Task
Only one span is wanted from the lines below: from the one with "New York Hole" up to and including the one with "big group isolated on white". Copy it exactly, without images.

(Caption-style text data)
──────────
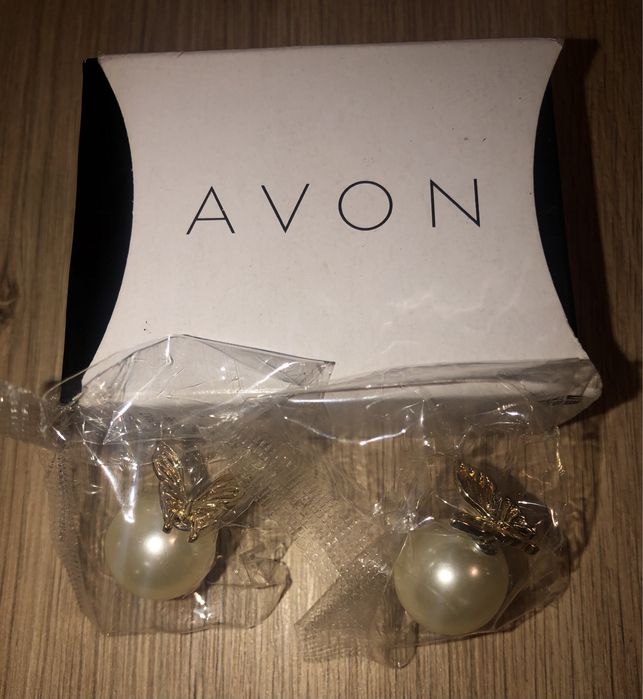 Kolczyki motylki z perłą Avon - Nowe :)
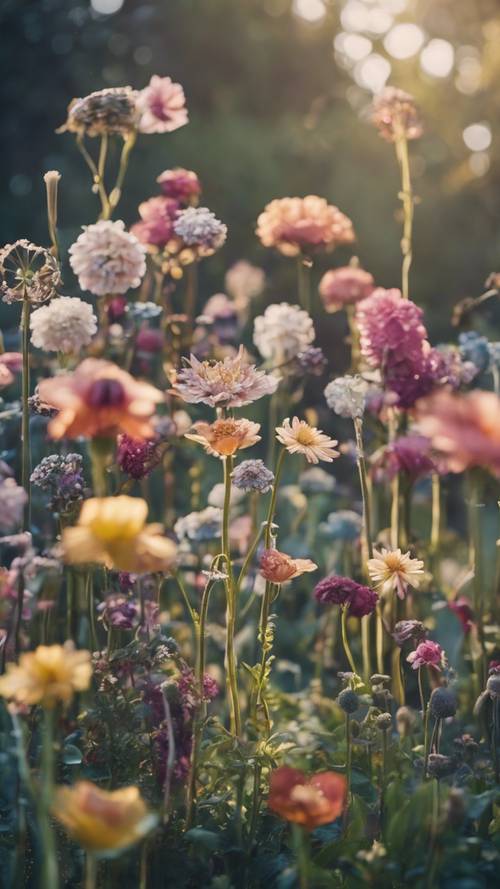 Zaczarowany ogród utworzony przez różnorodne szczegółowe, fantazyjne kwiaty.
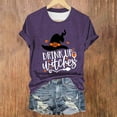 thumbnail image 2 of HCURIBAD Shirts for Women, Women's Casual Letter Printed Round Neck Short Sleeve Top Halloween Witch T Shirt, Womens Graphic Tees, Halloween Shirts for Women 1PC T-Shirt Purple L, 2 of 4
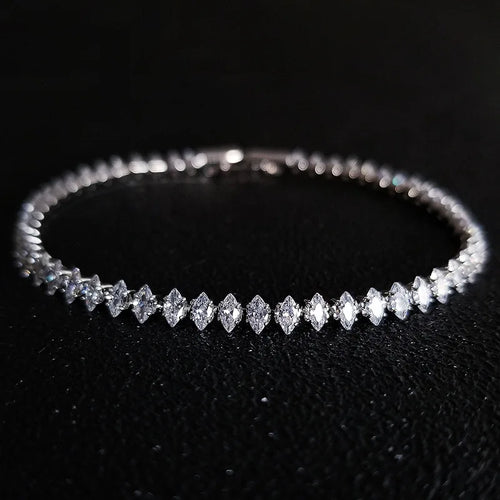 2.5*5mm New Marquise Oval Square Cut Luxury Silver Color on Hand Tennis Bracelet Bangle for Women Party Gift Jewelry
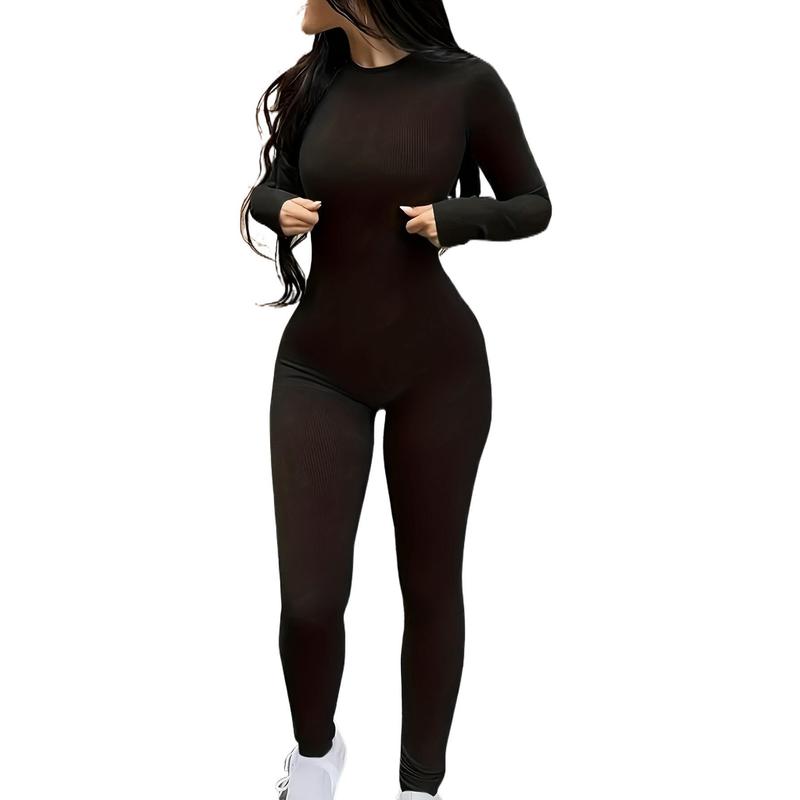 Solid Color Long Sleeve Jumpsuit, Fitness Yoga Slim Yoga One-Piece Tights, Women's Sportswear knit  material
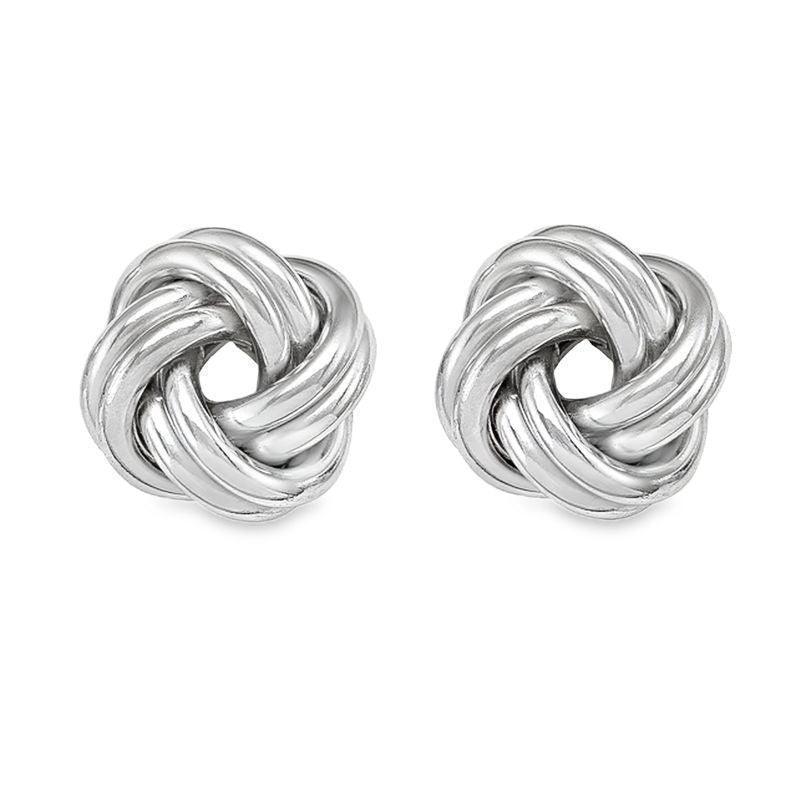 Love Knot Earrings in 14K White Gold
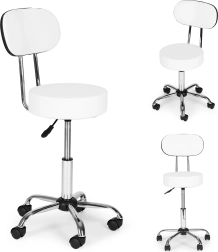 Scaun rotativ cu spătar pentru cosmetică și medicină, alb ModernHome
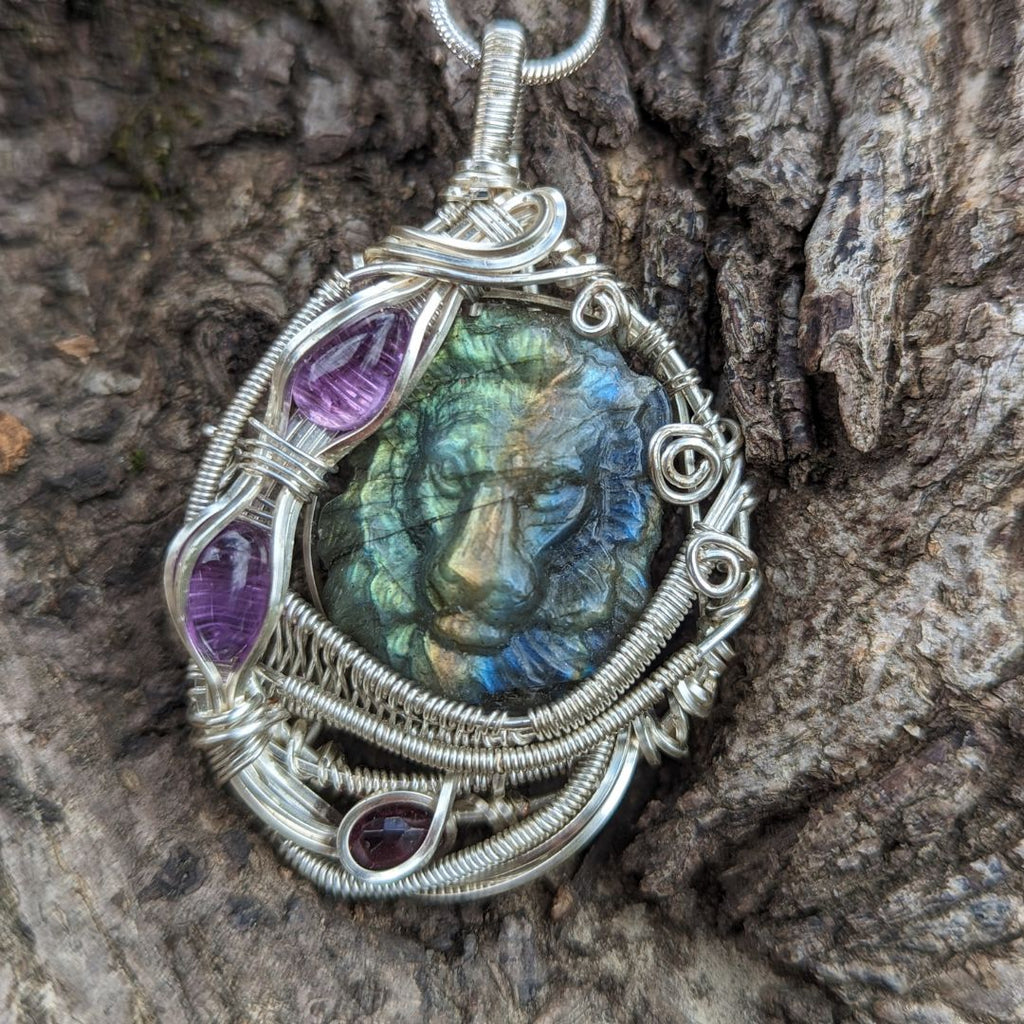 Labradorite Talisman Lion Pendant with Amethyst and Garnet ~ Gorgeous Flash and Astral Protection Qualities ~ Includes Silver Chain - Earth Family Crystals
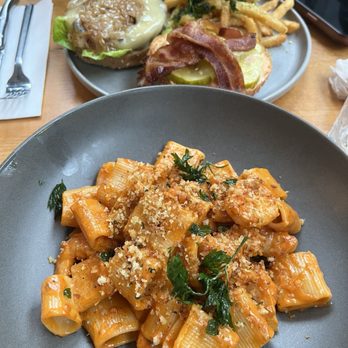 Hole In The Wall - The OG Beef Burger & Spicy Shrimp Vodka Rigatoni - Coffee & Tea Near Me - New York, New York Hole In The Wall - The OG Beef Burger & Spicy Shrimp Vodka Rigatoni - Coffee & Tea Near Me - New York, New York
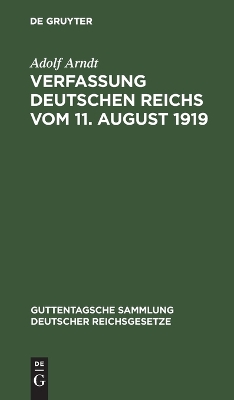 Book cover for Verfassung Deutschen Reichs Vom 11. August 1919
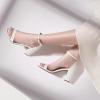 imageDREAM PAIRS Womens Chunk Low Heel Pump SandalsWhitePu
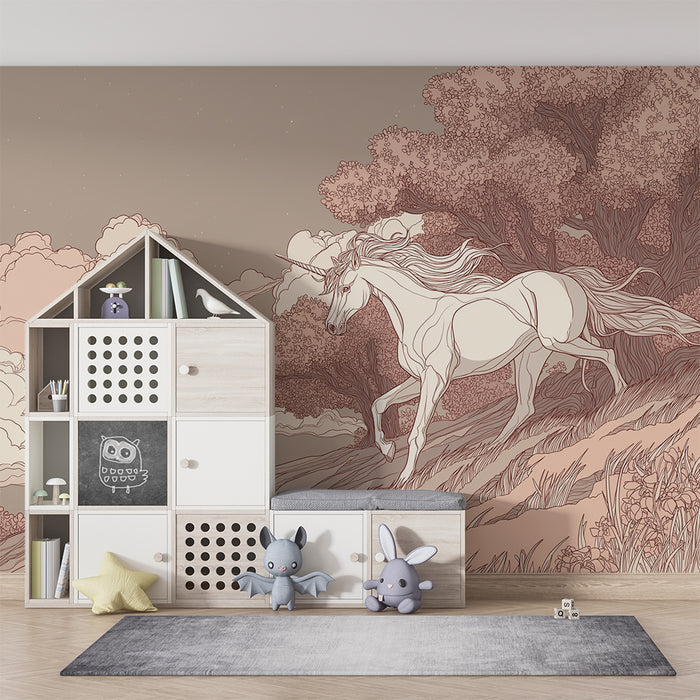 Papier peint chambre enfant | Licorne majestueuse dans un paysage onirique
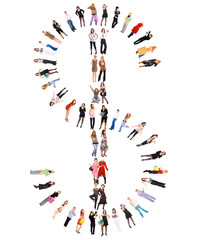 big group isolated on white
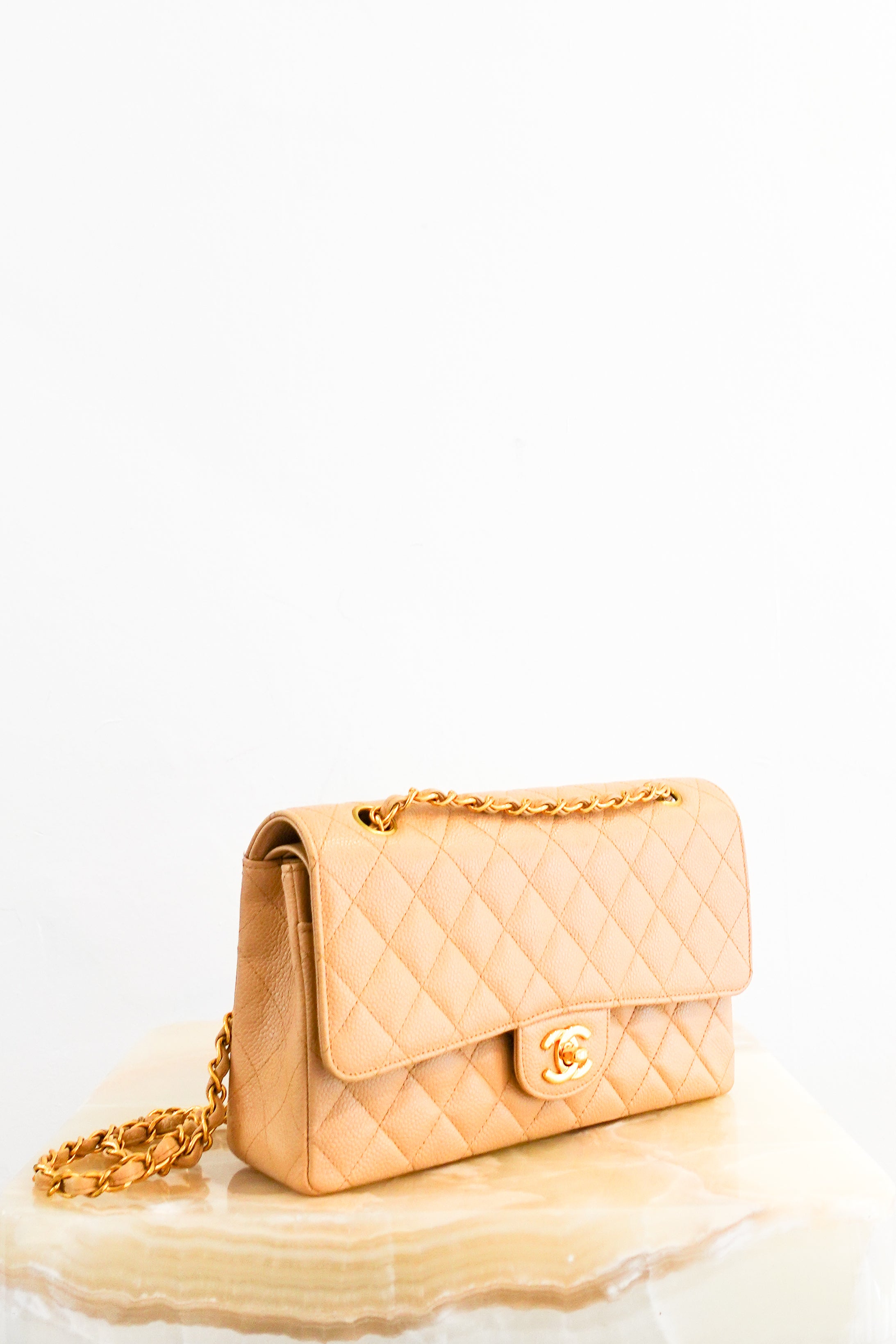 Vintage Chanel Caviar Medium Double Flap Beige Handbag RRP £8.5K | Authentic Preloved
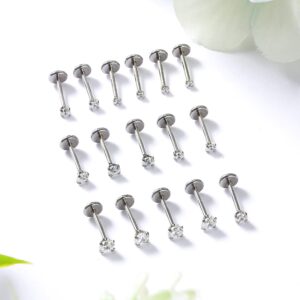 Xnsjeyy 20G Threadless Lip Rings Surgical Steel Flat Back Stud Earrings Labret Jewelry Nose Medusa Monroe Snake Bite Lip Ring Tragus Helix Cartilage Earrings Piercing Jewelry for Women Men Silver 7MM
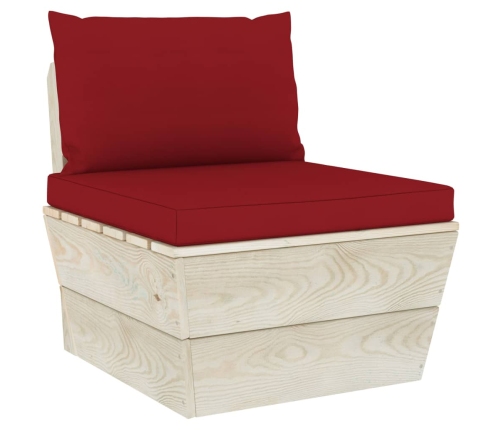 Muebles de jardín de palés 6 piezas y cojines madera de abeto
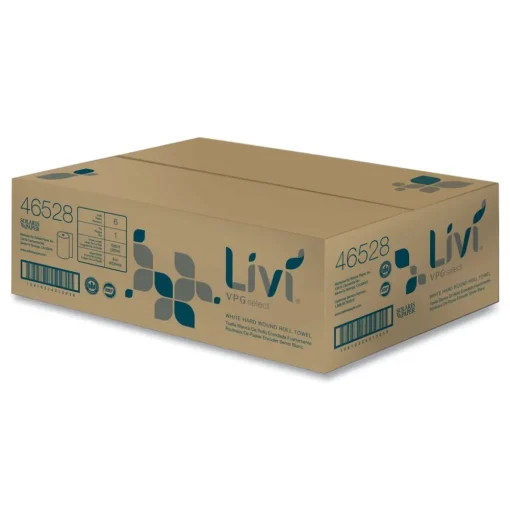 Livi VPG Select 8 in. x 1000 ft. 1-Ply Hard Wound Roll Towel - White (1-Carton)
──────────
Response for this exercise
 Hole In The Wall - The OG Beef Burger & Spicy Shrimp Vodka Rigatoni - Coffee & Tea Near Me - New York, New York Hole In The Wall - The OG Beef Burger & Spicy Shrimp Vodka Rigatoni - Coffee & Tea Near Me - New York, New York
 Book cover for Verfassung Deutschen Reichs Vom 11. August 1919
 imageDREAM PAIRS Womens Chunk Low Heel Pump SandalsWhitePu
 Papier peint chambre enfant | Licorne majestueuse dans un paysage onirique
 big group isolated on white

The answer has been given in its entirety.